A dog done that to his ear, the old woman said. Just clamped down and hung on while that hog drug it over half the county.
How do I get him in the car? he asked. I don’t know anything about hogs.
Well, she said. She gave him what was almost but not quite a shrug. I guess you could do it ever how you want to. He’s your hog now.
He sat down on his heels and thought about it a while.
I believe there’s an old dog collar and a leash in that stable back there, she said. I’ll go look. Or you might try tollin him.
Tollin him?
Leadin him with an ear of corn or somethin. Callin him.
Let’s try all of it, Albright said.
She came around and opened a gap in the fence Albright hadn’t seen. It would be a sight easier if you brought your automobile down here, she said. I don’t know much about automobiles but I do know they got wheels and hogs don’t.

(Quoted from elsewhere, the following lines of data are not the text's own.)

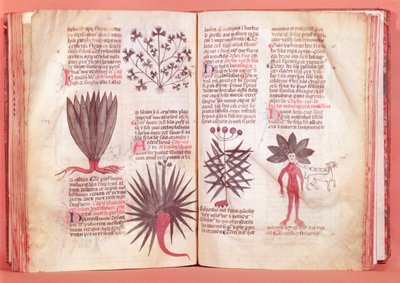 Mandrake, från ett fördrag av Dioscorides (40-c.90 e.Kr.) av French School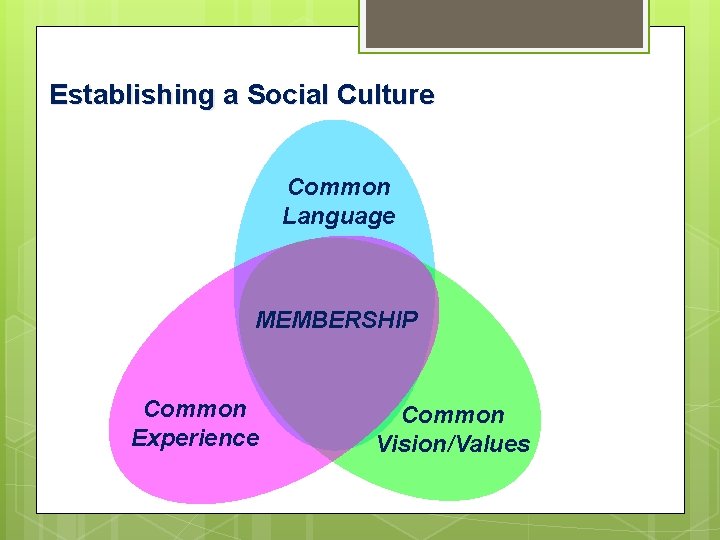 Establishing a Social Culture Common Language MEMBERSHIP Common Experience Common Vision/Values 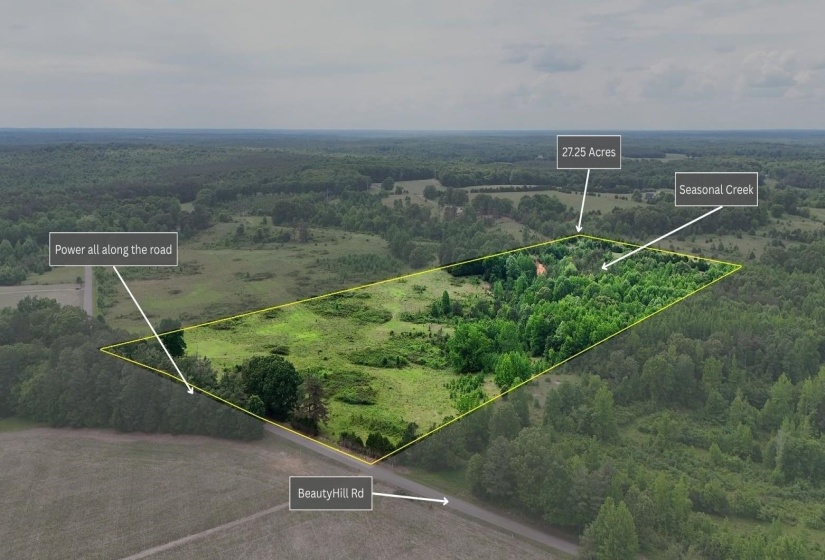 0 BEAUTY HILL RD, Bethel Springs, Tennessee 38315, ,Land,For Sale,BEAUTY HILL,10223463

He gave her a sharp glance. A different tone seemed to have entered her voice since the last roof was painted. That’s a good idea, he said. I was just about to do that.
He went and got the taxicab and backed it to the edge of the gap and got out and opened one of the rear doors. She had the leash and collar in one hand and an ear of corn in the other and she was waiting on him.
He finally managed to get the collar on the hog but it bit him once in the calf of the leg and once on the forearm. Collared and leashed like some degenerate breed of dog the shoat lay down in the dusty mudhole and put its chin on its paws and watched him arrogantly. He pulled as hard as he could on the leash but all it did was draw the hog upright. It positioned its sharp little hooves and leant against the leash and Albright couldn’t budge him. It didn’t want the corn, either.
Maybe you could push on him or somethin, he said. You push and I’ll pull and maybe he’ll get the idea.
She just shook her head. I believe he’s already got the idea, she said. Anyway I never liked that hog. It had the worst turn of any shoat I ever raised.
He threw the ear of corn as hard as he could at the hog and walked around behind it and encircled its chest with both arms and heaved with all his might. The hog lurched upon its hind legs and began to squeal. He waltzed it toward the car this way and that and with his arms about the hog and both upright they looked like two lascivious drunks trying some new kind of crazy dance. Bemused perhaps by this approach the hog allowed itself to be pushed to the car and Albright put a heavy foot against its haunch and kicked. The hog went scrambling over the seat and Albright slammed the door and stood against the Dodge breathing hard. He could hear the hog squalling in outrage and lurching about inside the car. He was wishing he’d left shoatless half an hour ago, wishing he’d never heard about the old woman at Patton’s store.
He didn’t even look at the old woman. He got into the car and started back toward the river. He looked back once and the hog was studying him with something akin to speculation. Halfway across the railroad trestle over the river the hog seemed taken with some sort of fit. It began to whirl about and slam against the doors and leap from seat to floorboard and back again then it made a razorous slash in the upholstery and dragged out a mouthful of stuffing. Shit, Albright said. He slammed on the brakes and turned in the seat and began to beat the hog about the head and shoulders with his fists. Quit it, he yelled. He climbed out of the car and opened the rear door but when he did the hog leapt against it desperately. The flung door caught Albright on the temple and he fell as the hog bolted across him and struck out for the end of the trestle. Albright scrambled up and managed to grasp the end of the leash. He ran fulltilt after the hog trying to get slack in the leash then slid in the gravel at the trestle’s end. Somehow he managed to hang on to the leash. The hog dragged him six or eight feet then turned in the roadbed facing him and just stood there gasping.